KPU Diyakini Mampu Laksanakan Pemilu Sistem Tertutup
Abadikini.com, JAKARTA – Ketua DPP Partai Bulan Bintang Firmansyah mengungkapkan bahwa Komisi Pemilihan Umum (KPU) RI bakalan mudah menyelenggaran pemilu sistem proporsional tertutup, jika pada Juni mendatang Mahkamah Konstitusi (MK) mengesahkan pemilu tertutup.
Menurut Firmansyah, dengan waktu yang kurang dari 7 bulan, KPU bisa melaksanakan pemilu sistem tertutup. Sebab, lanjutnya, pada 9 April 2009 untuk kali pertama pemilu diadakan dengan sistem terbuka. Sedangkan perubahan sistem pemilu proporsional terbuka merupakan putusan MK pada 23 Desember 2008. MK menyatakan bahwa pasal 214 huruf a, b, c, d, dan e tidak mempunyai kekuatan hukum mengikat. Dengan begitu, sistem pemilu yang digunakan adalah sistem suara terbanyak.
”Waktu itu banyak pertanyaan, apakah MK siap melaksanakan putusan MK? Ternyata, KPU bisa menyelenggarakan pemilihan suara tanpa kendala, padahal waktunya berselang 4 bulan dari putusan MK tersebut ditambah permasalahan yang lebih kompleks,” kata Firmansyah dikutip, Jumat (26/5/2023).
”Jadi saya berkeyakinan dengan waktu 7 bulan KPU sangat siap melaksanakan pemilu tertutup, jika MK pada Juni mendatang memutuskan bahwa pemilu digelar tertutup,” tambahnya.
Menurut Firmansyah, perubahan sistem tertutup justru mempermudah serta efisien. Baik itu efisiensi waktu dan kertas suara yang juga sangat berdampak efisiensi pembiayaan tentunya. Sebagai politisi, katanya, pihaknya memiliki kewajiban menerangkan tentang sistem pemilu ini, agar tidak rancu serta bias yang dapat dijadikan kampanye hitam terhadap Presiden Jokowi.
Selama ini, kata Firmansyah, dengan berita hoaks menyesatkan dan ada yang menduga demi melanggengkan kekuasaan Presiden Jokowi mengunakan iparnya yang juga ketua MK untuk mengubah sistem pemilu. ”Ini merupakan fitnah sangat jahat yang dilakukan oleh lawan politik Presiden Jokowi,” tegasnya.
Padahal patut diduga pelaku berita hoaks ini adalah oknum pendukung sistem pemilu terbuka yang ingin melanggengkan kursi empuknya di DPR dengan bermodalkan popularitas serta kekuatan finansial agar masyarakat awam tak salah kaprah juga tak mudah termakan berita hoaks.
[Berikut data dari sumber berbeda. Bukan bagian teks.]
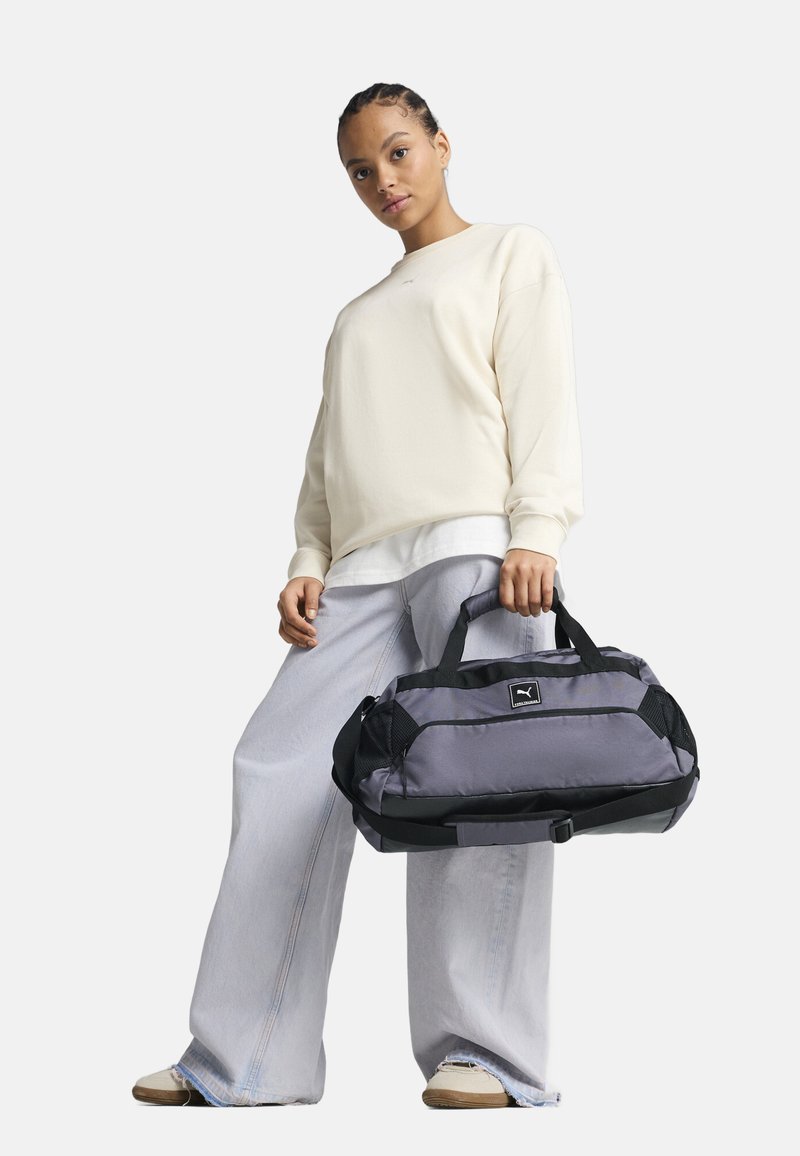 Bolsa de deporte gris con acentos negros y paneles de malla. Cuenta con asas dobles, una correa ajustable y un parche con el logotipo en la parte frontal.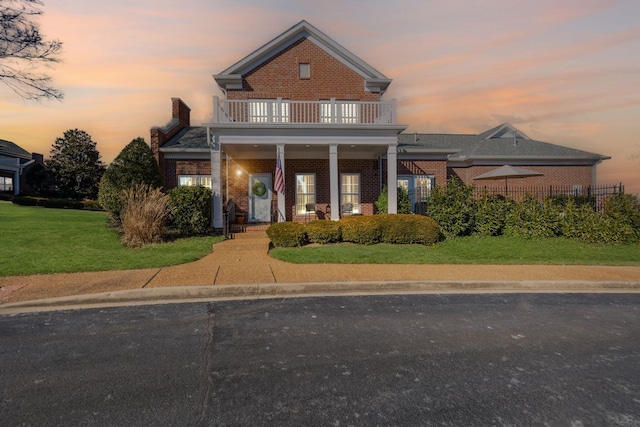 view of front of house featuring a balcony, covered porch, and a lawn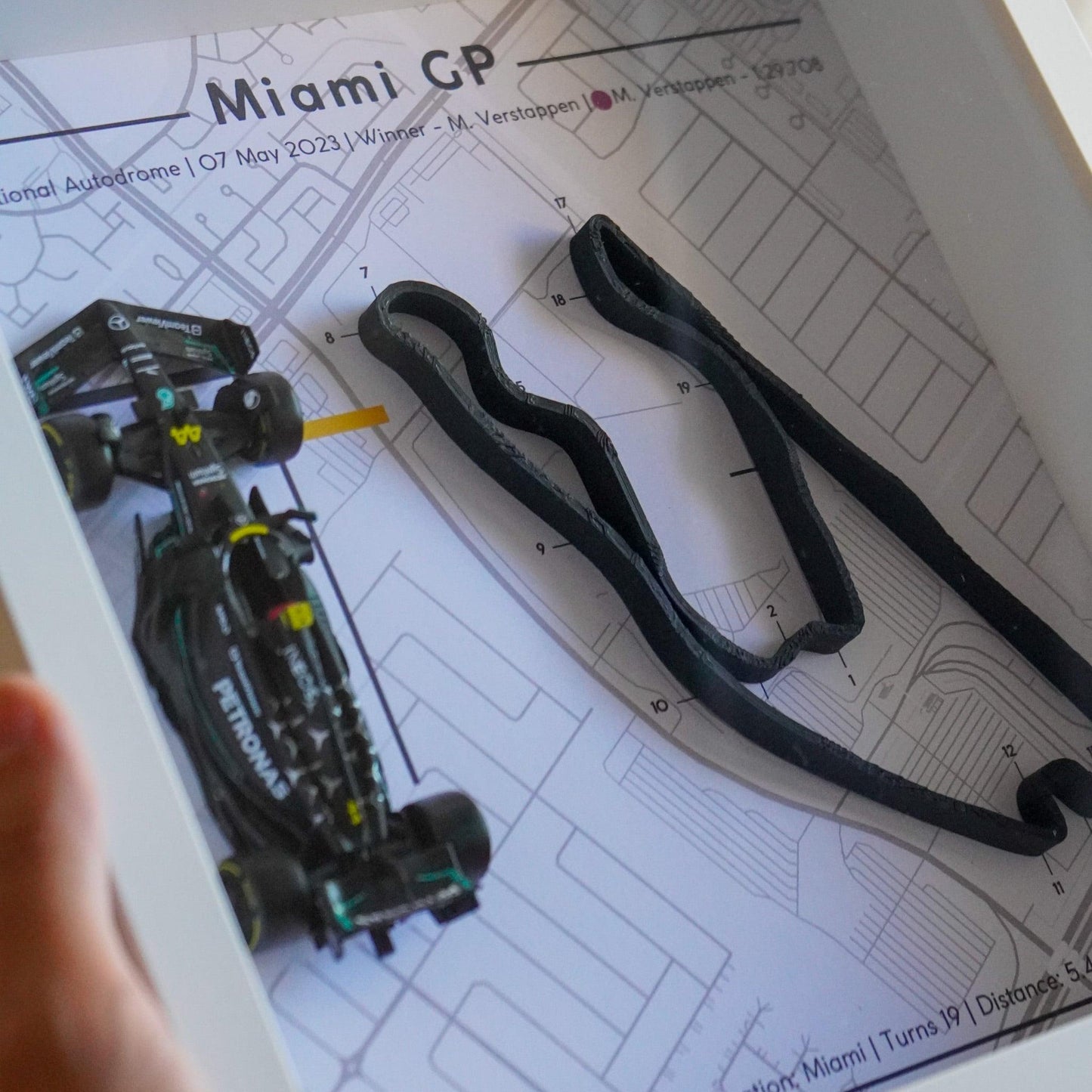 F1-themed frame featuring a 1:43 scale Hamilton's car on the Miami GP track. Includes a 3D-printed track replica with real elevation changes and a satellite map background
Firmansyah menjelaskan, pemilu di Indonesia dari zaman orde lama, orde baru sampai dengan era reformasi pada 1999 dan 2004 mengunakan sistem pemilu proposional tertutup. Di mana partai politik mendaftarkan para calon anggota legislatif (caleg) berdasarkan nomor urut. Lalu, parpol mengajukan caleg dari kader dan pengurus. Tujuan parpol tersebut bila berhasil meraih kursi parlemen maka dewan terpilih memiliki kualitas dan mengerti ideologi parpol.
Mirip dengan tertutup, namun sistem Pproporsional tebuka keterpilihan dewan tidak otomatis berdasarkan daftar caleg (nomor urut) yang diajukan parpol. Namun juga ditentukan oleh persaingan internal alias siapa di antara para caleg meraih suara terbanyak itulah yang duduk di kursi dewan.
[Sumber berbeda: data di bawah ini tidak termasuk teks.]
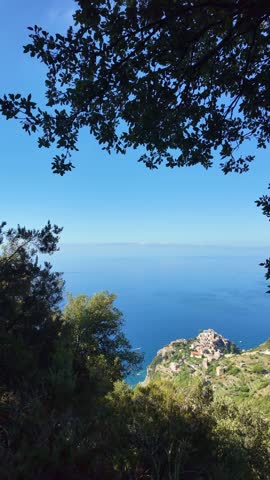Coastal village on a rocky promontory framed by trees. Corniglia, Cinque Terre, Italy.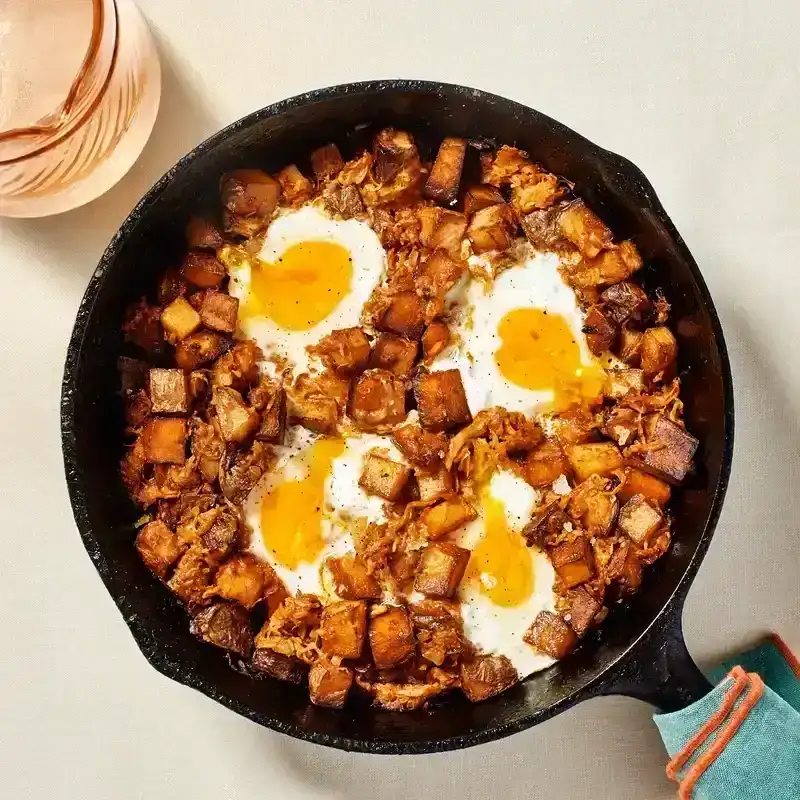 Sauerkraut and Potato Skillet in a black cast iron skillet placed on a white surface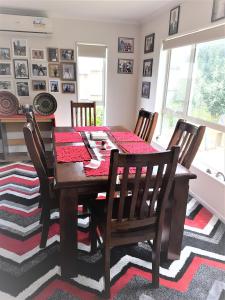 a dining room with a wooden table and chairs at Sylvia Park House in Auckland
”Ada plus dan minus dari kedua sistem ini. Hal positif dari tertutup caleg dikader, memiliki idelogi dan paham tujuan perjuang parpol serta apa tugas dewan di parlemen. Mungkin hanya satu negatifnya sistem ini, caleg terpilih (mungkin) tidak populer serta kurang dikenal langsung oleh masa pemilih,” terangnya.
”Sedangkan sistem terbuka positifnya hanya masa pemilih dapat memilih calon yang dikenal. Namun negatifnya si caleg akan menjadikan parpol sebagai kendaraan tumpangan, tak perlu mengenal idelogi dan cita-cita parpol, dengan mudahnya si caleg bak kuntu loncat berpindah-pindah parpol. Bermodalkan kepopuleran dan finansial si caleg ini terpilih jadi dewan. Bagaimana mungkin dewan tak mengerti tujuan dasar menjadi wakil rakyat dapat amanah,” tegasnya.
Firmansyah mengakui tidak ada sistem yang sempurna, namun pihaknya percaya hakim MK nantinya dalam memutus berdasarkan apa yang paling cocok dipergunakan saat ini tentunya.